[Stored items]
^^^^^^^^
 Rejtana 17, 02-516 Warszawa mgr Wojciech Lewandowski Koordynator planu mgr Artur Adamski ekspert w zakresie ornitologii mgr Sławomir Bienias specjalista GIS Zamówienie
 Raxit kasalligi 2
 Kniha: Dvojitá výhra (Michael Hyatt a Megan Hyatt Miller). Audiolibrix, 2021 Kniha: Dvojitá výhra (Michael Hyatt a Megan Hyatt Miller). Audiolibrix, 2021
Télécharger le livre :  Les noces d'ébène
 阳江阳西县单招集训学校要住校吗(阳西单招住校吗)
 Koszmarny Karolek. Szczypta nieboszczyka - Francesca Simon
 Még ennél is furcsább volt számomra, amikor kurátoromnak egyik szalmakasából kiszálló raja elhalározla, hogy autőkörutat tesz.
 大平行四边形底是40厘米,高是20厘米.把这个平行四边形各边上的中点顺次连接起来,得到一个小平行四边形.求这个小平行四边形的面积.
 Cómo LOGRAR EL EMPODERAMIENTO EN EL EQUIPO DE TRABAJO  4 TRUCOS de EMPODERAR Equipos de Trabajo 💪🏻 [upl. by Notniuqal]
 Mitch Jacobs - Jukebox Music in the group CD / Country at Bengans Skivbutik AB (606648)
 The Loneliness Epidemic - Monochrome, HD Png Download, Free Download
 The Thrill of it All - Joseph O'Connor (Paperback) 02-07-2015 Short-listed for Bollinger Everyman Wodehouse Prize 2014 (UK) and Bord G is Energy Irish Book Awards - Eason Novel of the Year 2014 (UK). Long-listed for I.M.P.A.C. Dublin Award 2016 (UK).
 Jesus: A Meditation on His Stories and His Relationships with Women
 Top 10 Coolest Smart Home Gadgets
^^^^^^^^
:: Task brief ::
Output only the lines from the one with "Még ennél is" through the last line of the entries above; please keep them exact.

:: Expected answer ::
 Még ennél is furcsább volt számomra, amikor kurátoromnak egyik szalmakasából kiszálló raja elhalározla, hogy autőkörutat tesz.
 大平行四边形底是40厘米,高是20厘米.把这个平行四边形各边上的中点顺次连接起来,得到一个小平行四边形.求这个小平行四边形的面积.
 Cómo LOGRAR EL EMPODERAMIENTO EN EL EQUIPO DE TRABAJO  4 TRUCOS de EMPODERAR Equipos de Trabajo 💪🏻 [upl. by Notniuqal]
 Mitch Jacobs - Jukebox Music in the group CD / Country at Bengans Skivbutik AB (606648)
 The Loneliness Epidemic - Monochrome, HD Png Download, Free Download
 The Thrill of it All - Joseph O'Connor (Paperback) 02-07-2015 Short-listed for Bollinger Everyman Wodehouse Prize 2014 (UK) and Bord G is Energy Irish Book Awards - Eason Novel of the Year 2014 (UK). Long-listed for I.M.P.A.C. Dublin Award 2016 (UK).
 Jesus: A Meditation on His Stories and His Relationships with Women
 Top 10 Coolest Smart Home Gadgets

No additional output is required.